(About this task):
Would you repeat word for word the lines of the listing that follows, from the one with "Hippophae rhamnoides / Sanddorn" up to and including the one with "X0000052940882200507151640", and leave out the images?

(Available records):
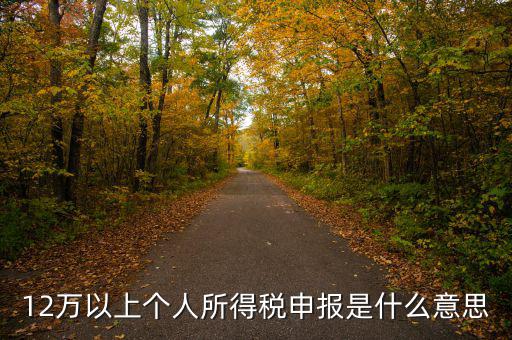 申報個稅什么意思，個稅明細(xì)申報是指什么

--

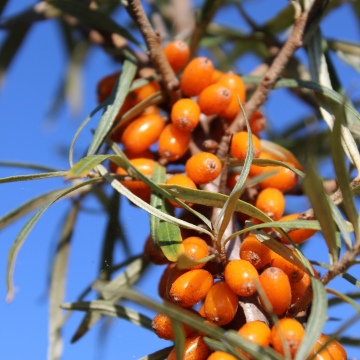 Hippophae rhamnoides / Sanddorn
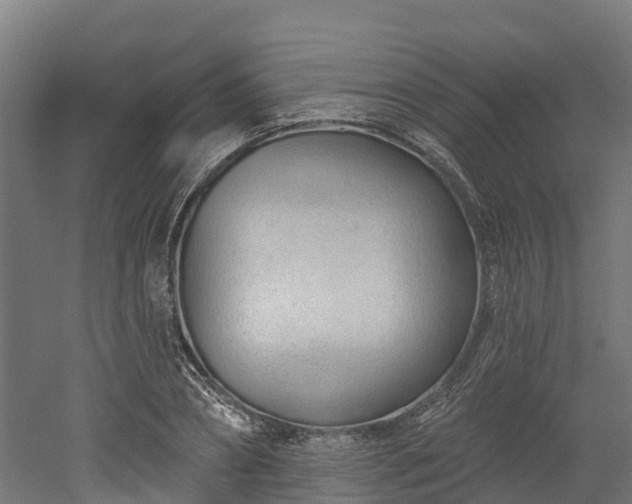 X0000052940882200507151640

(Answer area):
 Hippophae rhamnoides / Sanddorn
 X0000052940882200507151640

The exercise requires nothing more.